The preceding query results in a table that contains only the time series from resources in a zone that begins with us-central.

MQL queries are structured to pass the output of one operation as the input to the next operation. This table-based approach lets you link operations together to manipulate this data by filtering, selection, and other familiar database operations like inner and outer joins. You can also run various functions on the data in the time series as the data is passed from one operation to another.
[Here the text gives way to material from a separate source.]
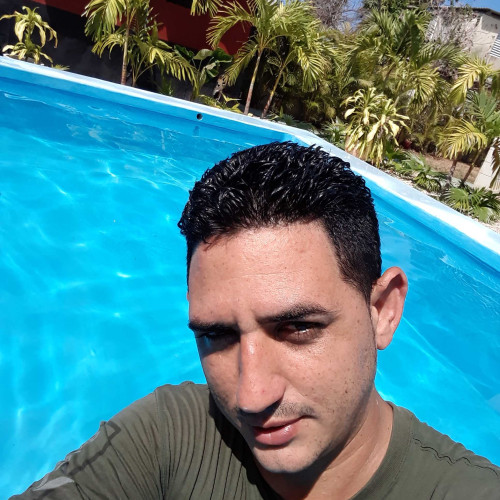 yosvani l.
The operations and functions available in MQL are fully documented in Monitoring Query Language reference.

Query structure

A query is made up of one or more operations. Operations are linked, or piped, together so that the output of one operation is the input to the next. Therefore, the result of a query depends on the order of the operations. Some of the things you can do include the following:

  • Start a query with a fetch or other selection operation.
  • Build up a query with multiple operations piped together.
  • Select a desired subset of information with filter operations.
  • Aggregate related information with group_by operations.
  • Look at outliers with top and bottom operations.
  • Combine multiple queries with { ; } and join operations.
  • Use the value operation and functions to compute ratios and other values.

Not all queries use all of these options.

These examples introduce only some of the available operations and functions. For detailed information about the structure of MQL queries, see reference topic Query Structure.

These examples don't specify two things that you might expect to see: time ranges and alignment. The following sections explain why.

Time ranges

When you use the Query Editor, the chart settings define the time range for queries. By default, the chart's time range is 1 hour. For more information about time ranges in the Query Editor, see Time ranges, charts, and the Query Editor.

Alignment

Many of the operations used in these examples, like the join and group_by operations, depend on all the time series points in a table occurring at regular intervals. The act of making all the points line up at regular timestamps is called alignment. Usually, alignment is done implicitly, and none of the examples here show it.

MQL automatically aligns tables for join and group_by operations when needed, but MQL lets you do alignment explicitly as well.

Fetching and filtering

MQL queries start with the retrieval and selection or filtering of data. This section illustrates some basic retrieval, grouping, and filtering with MQL.

Retrieving time-series data

A query always starts with a fetch operation, which retrieves time series from Cloud Monitoring.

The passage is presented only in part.